There is one down this way....about 15 miles north of the Delaware Memorial Bridge on Rt295....about 1 hour from my house.

You didn't know????

Gary


----------



## tdvffjohn (Mar 10, 2005)

Never knew, but that 3 hrs for me.


----------



## h2oman (Nov 17, 2005)

I'll trade you a Camping World for a Cabela's.


----------



## huntr70 (Jul 8, 2005)

h2oman said:


> I'll trade you a Camping World for a Cabela's.
> [snapback]82184[/snapback]​


Well, they are building them like there is no tomorrow.....

The Hamburg store was the first on the East Coast, they are building another down south a little farther right now.

It's probably just a matter of time........

Steve


----------



## HootBob (Apr 26, 2004)

Fire44 said:


> There is one down this way....about 15 miles north of the Delaware Memorial Bridge on Rt295....about 1 hour from my house.
> 
> You didn't know????
> 
> ...


That about a 2 hr drive for me

Don


----------



## Fire44 (Mar 6, 2005)

Rally at Camping World????

Gary


----------



## LateralG (Feb 11, 2006)

huntr70 said:


> h2oman said:
> 
> 
> > I'll trade you a Camping World for a Cabela's.
> ...


I've been told by a reliable source that Cabala's is the leading tourist attraction in Michigan.

This leaves me wide open for all sorts of Michigan comments. Maybe I'll have another good reason for having moved to Arizona.


----------



## Thor (Apr 7, 2004)

HootBob said:


> Fire44 said:
> 
> 
> > There is one down this way....about 15 miles north of the Delaware Memorial Bridge on Rt295....about 1 hour from my house.
> ...


Don that makes it a 10hrs drive for me. We really do not have a camping world of any kind around my neck of the woods







Best we have are dealers ($$$$) and Canadian Tire (great store but not a RV place)

Thor


----------



## Not Yet (Dec 13, 2004)

They are building a Cadelas in Central NJ, will open spring 07. Went to the Cabelas in PA last Saturday - that place could break me QUICKLY......
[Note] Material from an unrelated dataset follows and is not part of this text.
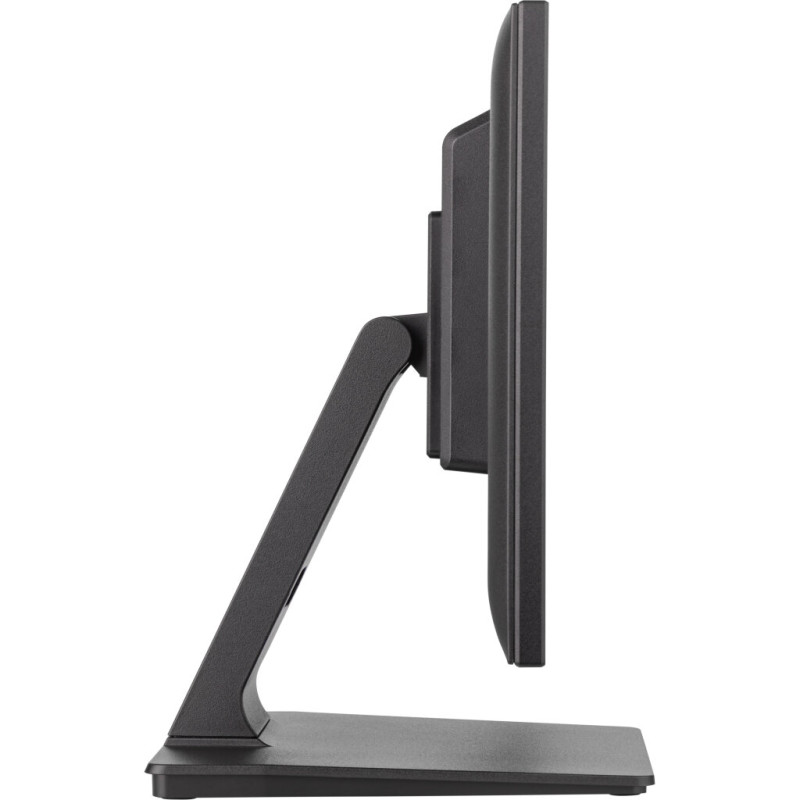 Монітор iiyama T2752MSC-B1AG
I do miss the camping world from when I lived in FL.

Jared


----------



## campmg (Dec 24, 2005)

They will soon be building a Cabelas in Mesa and Bass Pro Shop in Glendale - or the other way around. Already have Camping World.


----------



## HootBob (Apr 26, 2004)

Jared you should have told huntr70 and myself
maybe we could of meet up with you there.

Don


----------



## luv2rv (Jun 21, 2004)

Gotta add my vote for "I love Camping World". Visited the one in Kissimee and spent a bunch of money.

Everything of course was a necessity.

Can't wait to use my new camping mat, install my gas struts for the queen bed. I bought a water pressure regulator ... anyone else using these?

Plus a bunch of other stuff.

Did I mention I love that place?







Oh yeah, made two visits there during my two week stay in Florida.

Wayne


----------



## Golden Mom (Apr 25, 2004)

From my House: Camping World - 17 miles 
Bass Pro Shop - 15 miles

BPS is okay, been there once since it opened in November. Great for all you fisherman and hunters. Poor in the camping area. Mostly set up for tent campers not RV's.

CW - been several times. Had some great sales this winter.








As many of you know, I started a Camping Group at my church. This summer will be our 3rd season. Started with 5 familes. Now we are up to 9 families. Anyway, we have a Winter Outing this Sunday. Going to Dave's Famous BBQ for lunch and shopping at CW afterwards. 
Can't wait!


----------